Based on the experiences of the Iron March members who founded National Action, the Iron March leadership drew up activist manuals to assist other members who were interested in starting local in-person groups.55 The private message logs show that Iron March members coordinated directly with National Action activists in setting up Atomwaffen Division in the United States, Skydas in Lithuania, and Antipodean Resistance in Australia.56 The founders of these new groups received endorsements, advice on organizational matters, assistance with websites and donation drives, and even propaganda design from the Iron March moderators.57


A National Action member was responsible for the third and last plot linked to Iron March before the site went offline. In fall 2017, Jack Renshaw of National Action was arrested in connection with a plot hatched in July of the same year to assassinate Member of Parliament Rosie Cooper.129 Renshaw told prosecutors his plot was inspired by the murder of Jo Cox by far-right extremist Thomas Mair in 2016 and that he targeted her because of her pro-immigration views.130 Renshaw pleaded guilty and was convicted in 2019.131


New skull mask network nodes have been founded since the end of the Iron March forum. The post-Iron March skull mask network is much more fluid, with groups forming and dissipating quickly in response to law enforcement actions.132 As Alex Newhouse has outlined in this publication, the post-Iron March skull mask network is not strongly hierarchical: Individual groups have internal hierarchies, but network-level cohesion is maintained through shared aesthetic and ideological commitments and through overlaps in membership rather than through top-down organization.133 The Base and Feuerkrieg Division were the largest and most active nodes to emerge after the disappearance of Iron March.

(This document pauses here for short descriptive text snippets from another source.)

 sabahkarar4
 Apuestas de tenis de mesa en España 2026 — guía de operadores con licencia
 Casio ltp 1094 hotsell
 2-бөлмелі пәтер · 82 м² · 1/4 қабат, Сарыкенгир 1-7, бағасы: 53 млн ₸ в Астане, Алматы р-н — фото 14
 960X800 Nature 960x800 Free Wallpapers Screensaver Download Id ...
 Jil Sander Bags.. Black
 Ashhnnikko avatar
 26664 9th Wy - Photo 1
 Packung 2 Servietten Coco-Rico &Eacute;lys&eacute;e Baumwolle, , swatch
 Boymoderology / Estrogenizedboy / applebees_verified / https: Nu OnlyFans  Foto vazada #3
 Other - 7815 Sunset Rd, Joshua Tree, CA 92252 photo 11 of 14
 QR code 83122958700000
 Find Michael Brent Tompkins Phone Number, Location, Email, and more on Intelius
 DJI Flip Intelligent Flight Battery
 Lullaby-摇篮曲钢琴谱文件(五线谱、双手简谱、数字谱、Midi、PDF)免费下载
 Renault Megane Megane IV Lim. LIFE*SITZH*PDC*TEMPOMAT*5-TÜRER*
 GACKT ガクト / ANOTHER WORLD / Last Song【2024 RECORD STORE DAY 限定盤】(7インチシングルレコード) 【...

Smaller skull mask groups have also planned terror attacks and, in one case, have attempted to create cross-ideological coordination with jihadis. Ethan Melzer,o a private in the U.S. Army, was arrested in Italy in summer 2020 for his alleged involvement in a plot to attack an overseas U.S. military base.153 Prosecutors allege that Melzer was affiliated with O9A and with a small skull mask group called Rapewaffen, about which little is known.154 His O9A associates claim to have been in contact with al-Qa`ida operatives who were meant to assist with the attack.155


Conclusion

Iron March served as the incubator in which the ideologies, aesthetics, and interpersonal bonds necessary to sustain the skull mask network developed. Frustrated at the lack of compatible local groups to join, Iron March users created their own local organizations that were networked from the beginning by their common origin on the forums. Later, the introduction of O9A rituals provided a convenient method for habituating members to violence and creating a shared sense of commitment to militancy. Together with constant communication among members, these factors allowed the network to survive the loss of Iron March as an organizing platform and the subsequent transition to a more diffuse mode of organizing.


The survival since 2017 of the skull mask network, despite the loss of Iron March as an organizing platform, shows that takedowns of public, centralized, online organizing platforms are not necessarily enough to disrupt violent extremist networks if members have already formed strong social connections that can survive the migration to other communication services. Even after a group loses its centralized platform and disperses across small groups on encrypted messaging services, the social connections necessary to repair the network after de-platforming can persist as long as enough individuals are able to maintain membership in multiple nodes in the network. Disrupting the skull mask network will depend on breaking down the social bonds that connect members at the individual level, not merely on closing down centralized platforms.